After that the food and drink stopped coming for what seemed a very long time. Then, one night, a new rope came down. He ate and drank and placed the containers back in the basket. The rope was withdrawn. The bucket also served as his latrine, although when the food had been withheld, he had been forced to use a portion of his floor, which didn’t make things any more pleasant.
And so it went. He dreamed terrible dreams, asleep and awake. Tried to think of happier days, of his time in Oxford. Everything had been new then, life a broad river taking him somewhere brilliant. His only responsibilities in those days had been to himself, and he had stayed in England after school, might have stayed there forever. Even after the aliens came, he could have stayed, returned to Oxford for that matter.
But something in him knew he had to come to the place where he was born. For what? To watch it die of a human disease? To see his father metastasize into the very thing they had fought so hard against? To end his life at last in darkness?
He spoke to himself. He sang, and listened as his voice reverberated in the tube. He shouted and screamed and pounded on the concrete at times. He cursed Zuberi, and promised to kill him and the family he held so dear, but even that finally passed. What would more killing accomplish?
His wound healed—someone must have given him antibiotics, or perhaps they were in the food. He did jumping jacks and calisthenics and boxing footwork, punching into the darkness, sometimes to the point of exhaustion. He felt himself thinning, becoming less and less. Not physically, but inside. Despair rode on his shoulders, heavier every moment, and he knew that soon it would break him.
On one occasion when the basket came down it contained not only the usual fufu and water, but small, cylindrical objects. Most of them were quite smooth, but one was not—it had a flared end, and a little stud, and when he pushed the stud something happened, and he shut his eyes, because they hurt.
It took him several long, deep breaths to understand what was happening, that he was holding a small penlight and seeing something for the first time since Zuberi’s face had blurred into nothingness.
As his eyes adjusted, the ugly concrete wall and the filthy floor seemed like the most beautiful things he had ever seen.

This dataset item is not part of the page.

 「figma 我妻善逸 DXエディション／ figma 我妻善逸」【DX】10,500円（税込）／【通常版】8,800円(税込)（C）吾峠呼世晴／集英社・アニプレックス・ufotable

It could be improved, however. Because the rest of the cylinders were pieces of colored chalk.
He took the chalk and began to draw, feeling like a cave painter at the dawn of human history, at that crucial point when something changed in humans, when they began using symbols and language to understand their world. To depict themselves and the animals around them for the spirits and one another to see. To bend sight and mind and hand into creation.
He started off trying to fashion a world for himself, a boundless savanna populated by giraffes and elephants, skies full of clouds, birds, and wind to bend the acacia trees. And yet somehow when he formed them on the concrete they weren’t the same as he remembered. The giraffes had the huge slanting eyes of aliens and were mottled gray and black. Their horns multiplied and formed a mane of squirming tentacles. He drew hyenas with flat, flaring heads but no mouths. Instead of birds and clouds his sky was populated with suns and full moons and round stars, all with lines bisecting them.

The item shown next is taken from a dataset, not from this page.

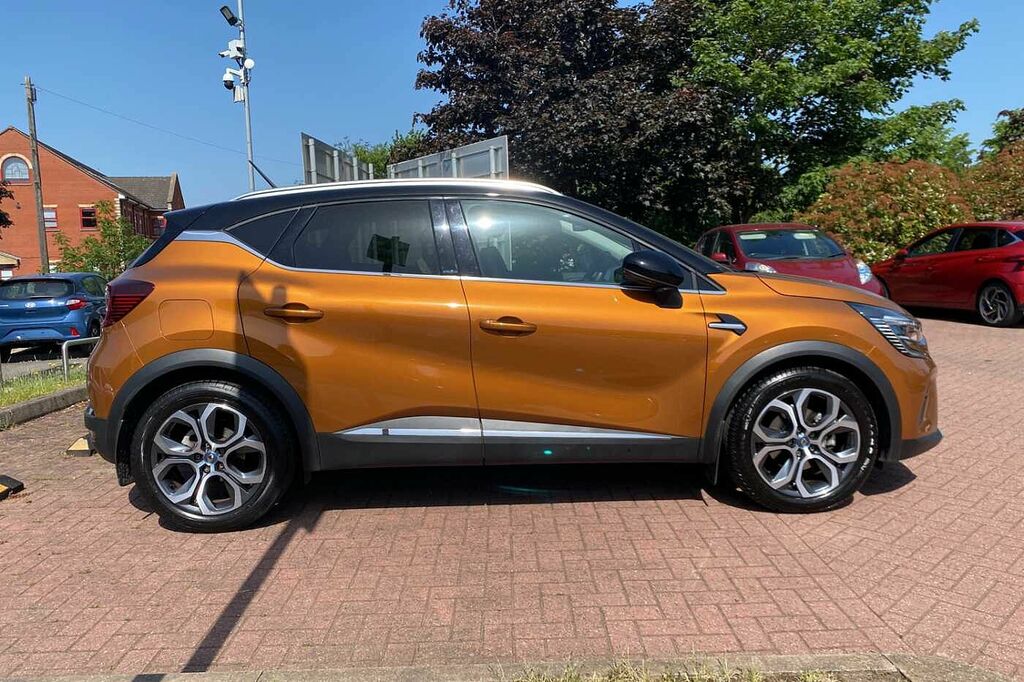 Renault Captur 1.6 E-tech Hybrid 145 S Edition FB21XVZ Orange #4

He went quickly at first, but then he began to conserve the chalk, to work less representationally and more essentially. He spent a long time on every line, curve, and dot as his drawings grew increasingly abstract—until one day he realized that he had just drawn a jumble of symbols that looked like the writing they had discovered in the alien ship. Furthermore, he thought he knew what some of them meant.